WHAT TO DO =
Below are some records. Quote exactly the lines from the one that contains "Beauty Trading Company" through the last, both included, and leave out the pictures.

*** Block opens ***

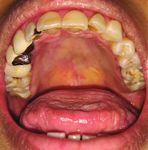 Xerostomia - An Unknown Oral Manifestation in AAA Syndrome - Open Journal Systems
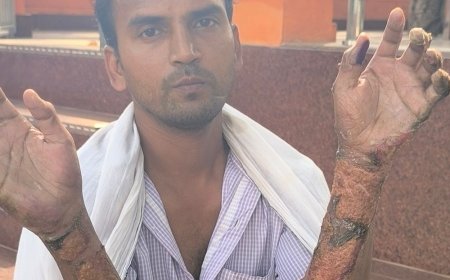 मैनपुरी में युवक पर तारपीन डालकर आग लगाई, झुलसा:गंभीर हालत में अस्पताल में भर्ती कराया, पुलिस ने केस दर्ज कर जांच शुरू की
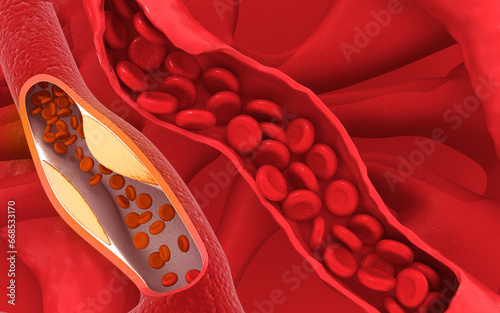 Clogged arteries on scientific background. 3d illustration.. photo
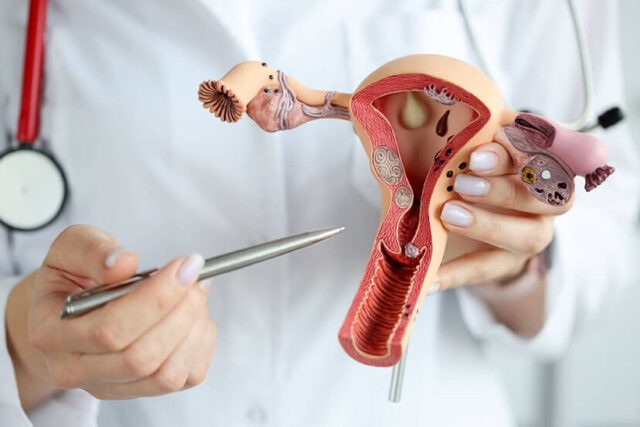 ¿Por qué aumentan los casos de cáncer de útero en el mundo?
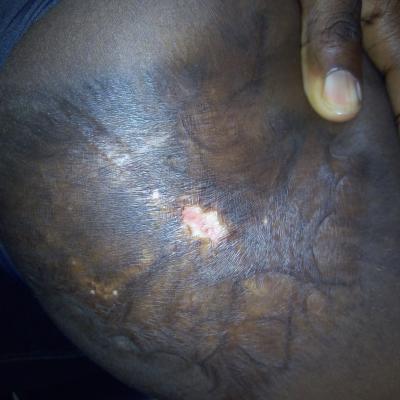 Restore Mission In Ghana 2017 9 20171017 1930075186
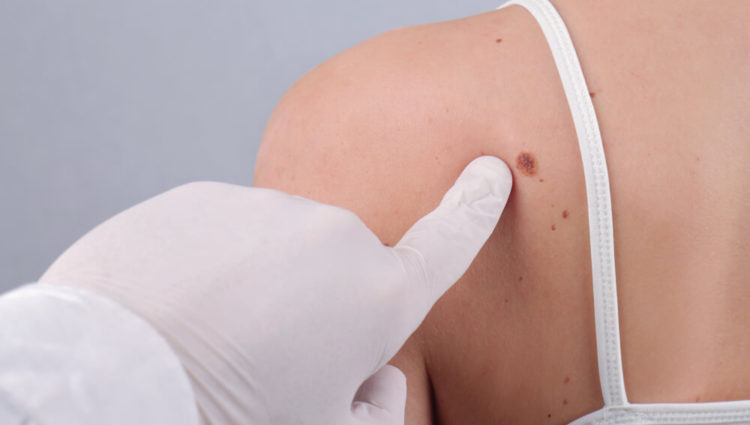 Uit welke moedervlekken ontstaan melanomen ?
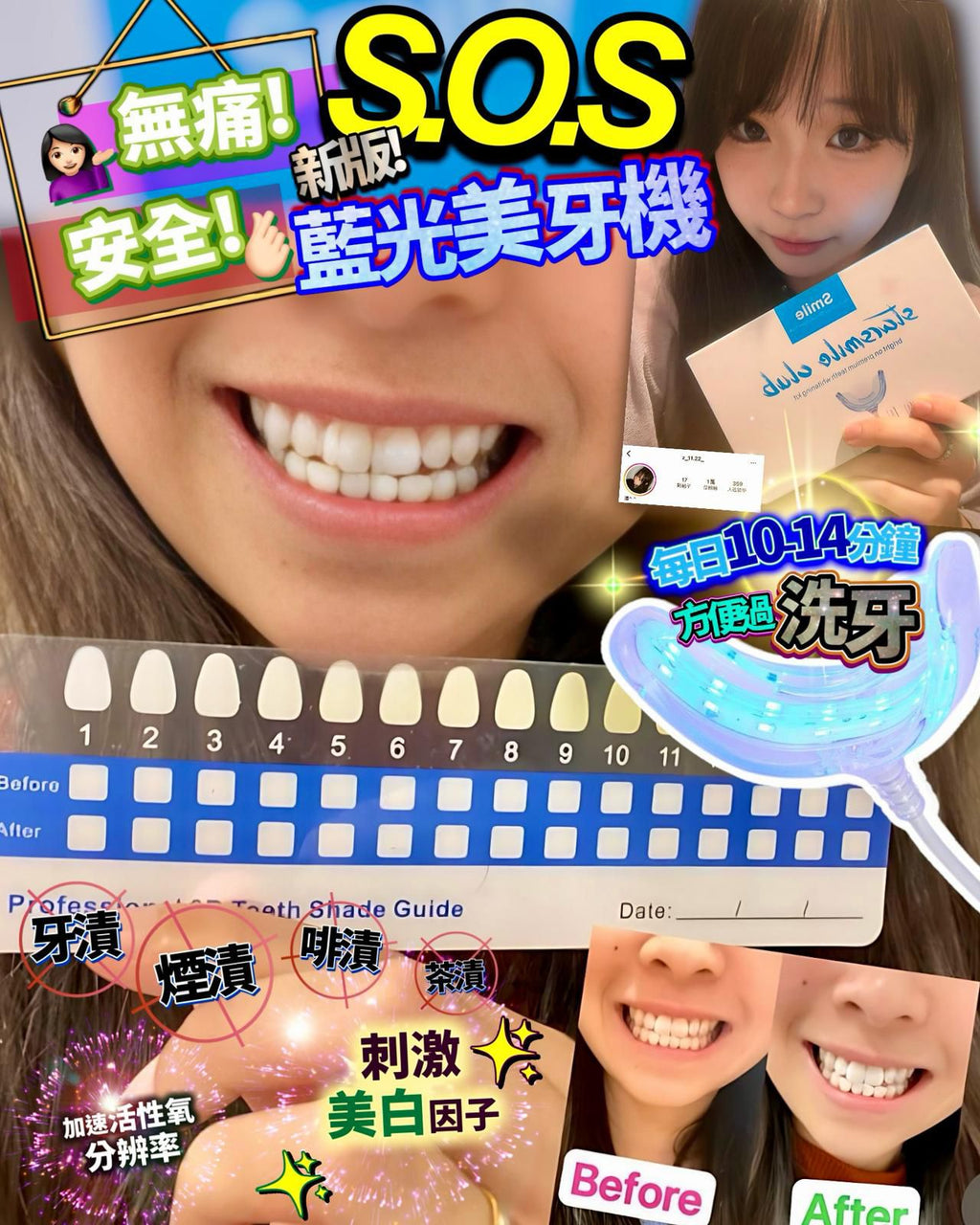 🌸StarSmileClub美國🇺🇸藍光美白牙齒機 | 預訂約2-3星期 娉婷貿易公司 Exquisite Beauty Trading Company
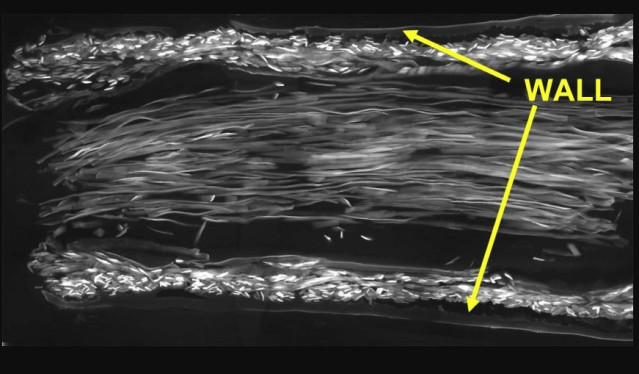 Imagen de microscopio electrónico de barrido de una sección longitudinal a través de un conducto de seda que contiene fibras de seda luminal que guían los nervios.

*** Block closes ***

REPLY TO THE TASK =
 🌸StarSmileClub美國🇺🇸藍光美白牙齒機 | 預訂約2-3星期 娉婷貿易公司 Exquisite Beauty Trading Company
 Imagen de microscopio electrónico de barrido de una sección longitudinal a través de un conducto de seda que contiene fibras de seda luminal que guían los nervios.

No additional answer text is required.